The cruise line moved for summary judgment on the remaining claims (the passengers dropped their claims for negligent provisioning and negligent hiring and retention), so Chief Judge Altonaga addressed the counts for negligent failure to warn, negligent management of the COVID outbreak on the vessel, negligent boarding, general negligence, negligent misrepresentation, and medical malpractice. The cruise line argued that it lacked notice of the risk of COVID transmission on the ECLIPSE, but Chief Judge Altonaga found sufficient notice from several sources. She rejected the cruise line’s arguments that none of the passengers who reported symptoms met the criteria to qualify as Persons Under Investigation under the CDC’s extant guidance because that guidance was issued before the vessel sailed, before the WHO declared COVID a global pandemic, and was subject to change.

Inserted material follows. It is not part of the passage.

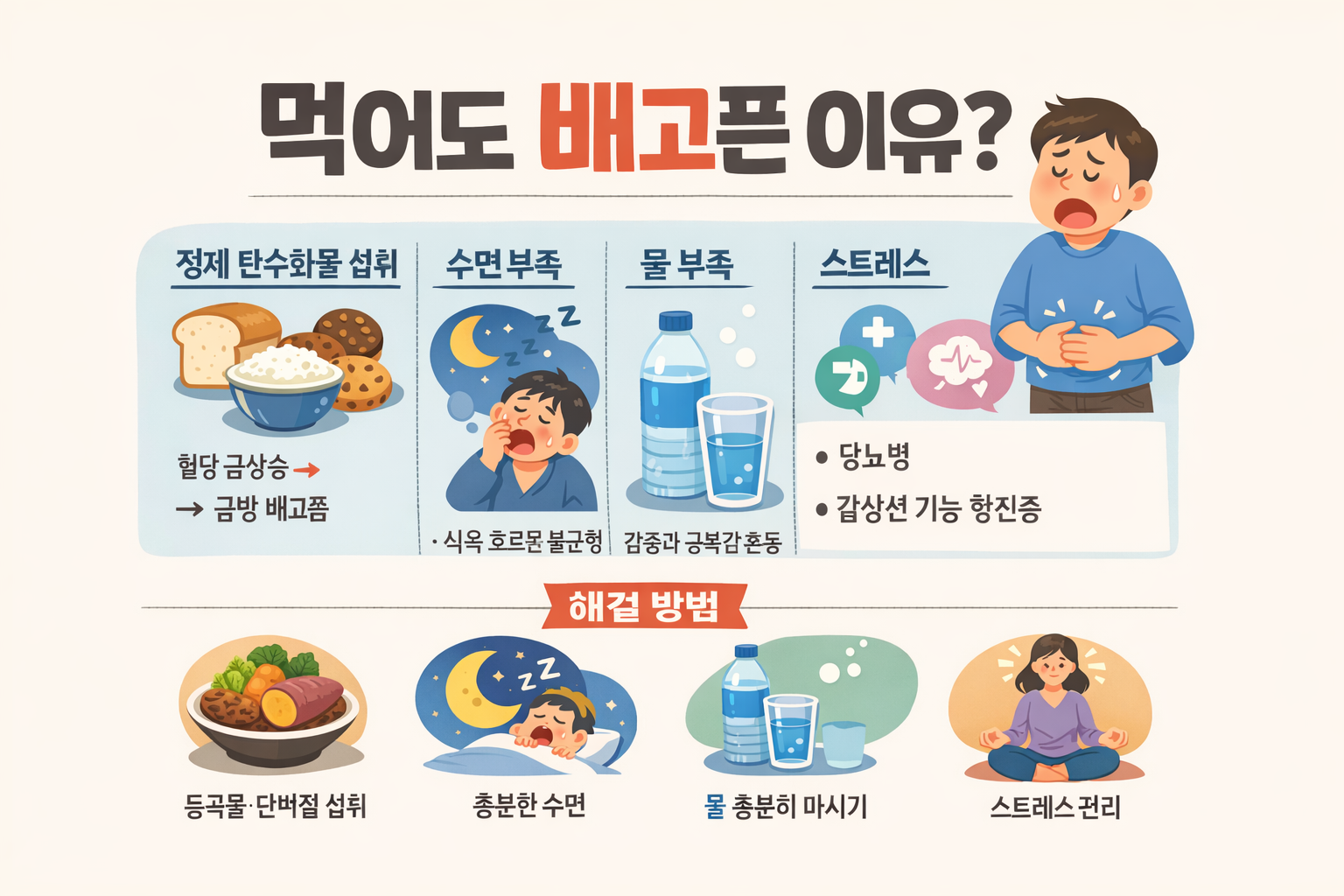 왜 항상 배가 고플까? 먹어도 먹어도 배고픈 이유 3가지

Additionally, the cruise line had implemented precautionary measures to mitigate the spread of the virus, reflecting notice because of the corrective/precautionary measures it took, and some of the measures were inconsistent with the argument that it should not have been aware of a specific risk that COVID was present on the ECLIPSE. The cruise line also challenged evidence of causation of the negligence counts, including the testimony of Landivar’s expert, Dr. John Bradberry, who was “hard-pressed” to say that the cruise line’s actions were a “direct cause.” Chief Judge Altonaga reiterated that the same rationale for applying Daubert less stringently in a non-jury trial applied with respect to causation. She deferred arguments about the credibility of Dr. Bradberry’s testimony on causation until the non-jury trial. Chief Judge Altonaga ruled differently with respect to causation on the medical malpractice case, which could only be established by expert testimony. Although Dr. Bradberry criticized the ship’s doctors for not recognizing the COVID outbreak earlier and failing to recommend mitigating measures, he had to admit that there was no treatment at the time and that treatment and mitigating measures were not going to help Landivar. Consequently, Chief Judge Altonaga dismissed the medical malpractice case for lack of expert evidence of proximate causation.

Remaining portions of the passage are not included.